Um was es geht
Am heutigen 148. Geburtstag von Hermann Hesse möchte ich von einem Projekt im Freundeskreis erzählen. In der ersten Jahreshälfte habe ich die 800seitige Ausgabe der Gedichte von Hermann Hesse, hrsg. bei Suhrkamp von Volker Michels (4. Aufl. 1997) Stück für Stück gelesen.
Mein erkenntnisleitendes Interesse war, ob in den Gedichten vor allem des jungen Hesse Metaphern, Zu- oder Beschreibungen zu finden sind, die bei jungen Erwachsenen etwa im Alter von 24-35 Jahren etwas zum Klingen bringen, ein Echo hervorrufen, eine Sehnsucht wecken können. Oder anders: Können Texte, die seitens des Verfassers sehr persönlich geschrieben sind und die ursprünglich auf Publikum verzichten wollten, dabei teils über 100 Jahre alt sind, das überhaupt noch leisten? Und dann: wenn ja, wie oder warum?
Bei gemeinsamen Wanderungen mit den jungen erwachsenen in meinem Lebensumfeld, bei Generationen übergreifenden Treffen über Zoom möchte ich gerne vor allem mit den jüngeren, aber genauso gerne auch darüber hinaus über mögliche Gedichte, die genau das leisten, ins Gespräch kommen.
Ich habe dazu ein 16seitiges PDF-Dokument erstellt, das nur für den persönlichen Gebrauch bestimmt ist. Es umfasst eben die Gedichte, von denen ich glaube, dass sie Möglichkeiten eröffnen, die ich oben beschrieben habe. Denen, die ein Interesse an dieser Art des Austauschs haben, stelle ich das Dokument gerne zur Verfügung. Schreiben Sie mich an: harald.klein@koeln.de.

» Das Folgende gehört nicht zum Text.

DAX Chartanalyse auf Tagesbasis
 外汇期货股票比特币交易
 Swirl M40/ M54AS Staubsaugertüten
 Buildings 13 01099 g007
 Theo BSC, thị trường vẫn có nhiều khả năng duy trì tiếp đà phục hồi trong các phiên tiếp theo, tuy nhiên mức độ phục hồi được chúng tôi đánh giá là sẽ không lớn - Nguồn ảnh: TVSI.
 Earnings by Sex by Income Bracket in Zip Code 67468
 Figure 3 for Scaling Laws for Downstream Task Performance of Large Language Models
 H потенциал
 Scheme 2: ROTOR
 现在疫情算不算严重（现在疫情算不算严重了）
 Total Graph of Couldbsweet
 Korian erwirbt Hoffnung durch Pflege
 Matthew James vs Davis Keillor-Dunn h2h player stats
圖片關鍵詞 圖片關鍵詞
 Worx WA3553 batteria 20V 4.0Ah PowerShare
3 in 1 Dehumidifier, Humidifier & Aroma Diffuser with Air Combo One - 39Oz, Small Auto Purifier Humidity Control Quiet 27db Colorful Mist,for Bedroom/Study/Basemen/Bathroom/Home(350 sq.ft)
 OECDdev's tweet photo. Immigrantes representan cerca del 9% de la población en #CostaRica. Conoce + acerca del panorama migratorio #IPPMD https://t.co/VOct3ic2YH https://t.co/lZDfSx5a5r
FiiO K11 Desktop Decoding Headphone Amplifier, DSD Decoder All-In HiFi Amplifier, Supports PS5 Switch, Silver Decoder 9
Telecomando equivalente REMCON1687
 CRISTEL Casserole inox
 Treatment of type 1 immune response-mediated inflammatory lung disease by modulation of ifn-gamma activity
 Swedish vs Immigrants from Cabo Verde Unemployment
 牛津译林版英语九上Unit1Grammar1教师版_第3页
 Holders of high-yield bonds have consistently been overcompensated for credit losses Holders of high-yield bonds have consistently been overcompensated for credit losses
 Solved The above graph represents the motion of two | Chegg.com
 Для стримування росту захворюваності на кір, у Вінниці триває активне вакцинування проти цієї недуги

Impulse für einen Austausch
Als ein Beispiel mag Hesses Gedicht DIE ERWARTETE POSTKARTE (1927) dienen. Ich lese in diesem Gedicht Hesses Sehnsucht nach einem persönlichen Angesprochen-, besser: Angeschriebensein heraus. In allem Engagement im Briefschreiben – die Zahl von 40.000 und mehr Briefen Hesses wird oft genannt – ist er der Antwortende, aber wie gerne wäre er der Empfänger, der als Mensch, als Freund und Gefährte angesprochen und gemeint ist. – Die deskriptiveEbene: Dass junge Menschen diese Sehnsucht kennen, setze ich als gegeben voraus. Die optionale Ebene: was tun sie selbst dafür, die Menschen um sich herum in dieser Weise anzusprechen? Kann die Mail, die SMS oder ein Post in den Sozialen Netzwerken dies erreichen? Die voluntative Ebene: Was möchte ich ausprobieren – auf andere hin, auf mich selber hin?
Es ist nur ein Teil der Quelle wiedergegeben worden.